Lauryn the singer is the headliner with instant classics plentiful from “Ex-Factor” to “Nothing Even Matters” to “Zion” her words riddle and wrap you up under her angelic tone and you are whisked away into a world where Lauryn explains it all. Even if she doesn’t know it all, seems like damn good advice to the listener.
 
The Miseducation Of Lauryn Hill is quite simply one of the best pieces of music ever created. Which is what makes what should be a colossal celebration of a true classic only a blip amongst “heads” today. Her inarguable classic is littered with very verifiable disputes that pretty much say she did not carry the load of this album’s creative juice in particular on the song writing side.

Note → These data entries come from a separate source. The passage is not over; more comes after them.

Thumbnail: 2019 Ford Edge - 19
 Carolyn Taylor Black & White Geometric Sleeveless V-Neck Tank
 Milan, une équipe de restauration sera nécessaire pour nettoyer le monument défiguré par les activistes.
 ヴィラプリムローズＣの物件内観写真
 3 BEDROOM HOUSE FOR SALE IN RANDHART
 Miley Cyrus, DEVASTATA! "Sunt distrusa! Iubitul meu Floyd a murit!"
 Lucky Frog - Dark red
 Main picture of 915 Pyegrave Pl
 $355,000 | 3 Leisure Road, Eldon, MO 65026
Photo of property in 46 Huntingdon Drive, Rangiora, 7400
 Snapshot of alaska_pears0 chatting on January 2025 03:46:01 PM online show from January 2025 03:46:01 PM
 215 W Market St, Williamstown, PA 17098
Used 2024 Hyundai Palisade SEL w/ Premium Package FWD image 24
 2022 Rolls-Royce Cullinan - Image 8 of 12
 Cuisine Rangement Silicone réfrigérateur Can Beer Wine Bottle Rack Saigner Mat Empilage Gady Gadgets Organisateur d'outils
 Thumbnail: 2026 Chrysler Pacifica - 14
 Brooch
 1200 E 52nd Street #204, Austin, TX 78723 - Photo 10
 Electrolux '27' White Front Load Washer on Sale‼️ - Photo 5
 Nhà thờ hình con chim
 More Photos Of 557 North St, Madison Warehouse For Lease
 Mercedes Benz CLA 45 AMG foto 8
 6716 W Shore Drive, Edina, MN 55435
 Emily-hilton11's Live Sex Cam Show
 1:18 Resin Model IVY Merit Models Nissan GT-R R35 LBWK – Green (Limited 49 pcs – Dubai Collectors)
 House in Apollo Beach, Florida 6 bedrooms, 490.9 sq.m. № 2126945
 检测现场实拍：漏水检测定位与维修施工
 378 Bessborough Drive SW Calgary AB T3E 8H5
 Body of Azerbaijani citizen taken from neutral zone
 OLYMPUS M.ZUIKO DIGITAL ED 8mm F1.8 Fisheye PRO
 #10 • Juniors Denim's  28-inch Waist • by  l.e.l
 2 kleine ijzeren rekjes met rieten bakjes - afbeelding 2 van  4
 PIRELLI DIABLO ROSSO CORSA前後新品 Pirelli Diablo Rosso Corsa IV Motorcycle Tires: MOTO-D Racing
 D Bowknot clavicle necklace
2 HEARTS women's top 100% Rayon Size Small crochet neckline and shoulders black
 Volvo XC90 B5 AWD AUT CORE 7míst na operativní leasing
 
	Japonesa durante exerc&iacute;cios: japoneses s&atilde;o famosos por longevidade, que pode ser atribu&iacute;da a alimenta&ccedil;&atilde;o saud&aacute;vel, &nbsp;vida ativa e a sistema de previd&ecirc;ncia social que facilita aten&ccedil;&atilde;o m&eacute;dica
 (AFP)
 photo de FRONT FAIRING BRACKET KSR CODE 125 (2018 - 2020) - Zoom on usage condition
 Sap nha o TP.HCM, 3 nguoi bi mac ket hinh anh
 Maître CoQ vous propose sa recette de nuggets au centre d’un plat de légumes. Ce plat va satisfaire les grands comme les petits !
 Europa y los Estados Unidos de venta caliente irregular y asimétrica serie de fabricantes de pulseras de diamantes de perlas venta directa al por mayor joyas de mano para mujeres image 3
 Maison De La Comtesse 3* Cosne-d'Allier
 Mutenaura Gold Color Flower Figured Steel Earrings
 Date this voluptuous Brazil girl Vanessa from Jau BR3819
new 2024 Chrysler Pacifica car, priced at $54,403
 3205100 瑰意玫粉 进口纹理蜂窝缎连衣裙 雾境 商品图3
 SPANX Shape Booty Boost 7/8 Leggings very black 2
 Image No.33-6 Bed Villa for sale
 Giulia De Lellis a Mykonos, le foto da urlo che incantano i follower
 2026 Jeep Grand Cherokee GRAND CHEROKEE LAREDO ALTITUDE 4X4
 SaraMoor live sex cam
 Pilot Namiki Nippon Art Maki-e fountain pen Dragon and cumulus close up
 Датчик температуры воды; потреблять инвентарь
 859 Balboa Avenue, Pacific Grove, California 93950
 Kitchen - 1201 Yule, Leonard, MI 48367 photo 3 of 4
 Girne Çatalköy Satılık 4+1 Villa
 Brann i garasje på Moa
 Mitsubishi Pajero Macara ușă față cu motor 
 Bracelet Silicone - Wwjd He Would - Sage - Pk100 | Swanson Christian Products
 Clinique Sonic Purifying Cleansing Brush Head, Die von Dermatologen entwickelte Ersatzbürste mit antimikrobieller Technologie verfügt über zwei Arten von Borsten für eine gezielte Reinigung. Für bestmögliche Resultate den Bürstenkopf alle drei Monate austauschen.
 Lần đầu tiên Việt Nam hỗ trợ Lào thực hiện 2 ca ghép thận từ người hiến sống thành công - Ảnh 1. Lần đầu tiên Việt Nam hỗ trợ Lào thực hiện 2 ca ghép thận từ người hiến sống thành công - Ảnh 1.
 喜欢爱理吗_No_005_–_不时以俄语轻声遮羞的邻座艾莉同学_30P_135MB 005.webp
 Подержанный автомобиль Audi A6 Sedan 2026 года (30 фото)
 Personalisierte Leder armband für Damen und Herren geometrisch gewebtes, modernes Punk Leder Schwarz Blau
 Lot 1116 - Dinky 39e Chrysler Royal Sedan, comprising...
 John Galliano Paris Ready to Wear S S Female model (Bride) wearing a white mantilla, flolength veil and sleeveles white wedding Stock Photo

Some have claimed that she contributed little more than just her vocals. 
 
The month leading up to this day, social media has spent the majority of Lauryn Hill news exploiting how she exploited people, particularly on tour and this album. Book end that with numerous questionable performances over the past five years with material that is, is over, or approaching two decades old; it appears the main person who has damaged the luster of this album is Lauryn Hill herself.
 
But for tonight, I will sit back listen to it for the first time in forever (I have conflicting feelings about Ms. Hill) and remember young Lauryn as she truly was, a queen ascending to the throne of the forefront of pop cultures consciousness. She never made it, but there was a time when it seemed inevitable, a formality even. This album is the reason that feeling still exists to this day with diehard loyalists of hers.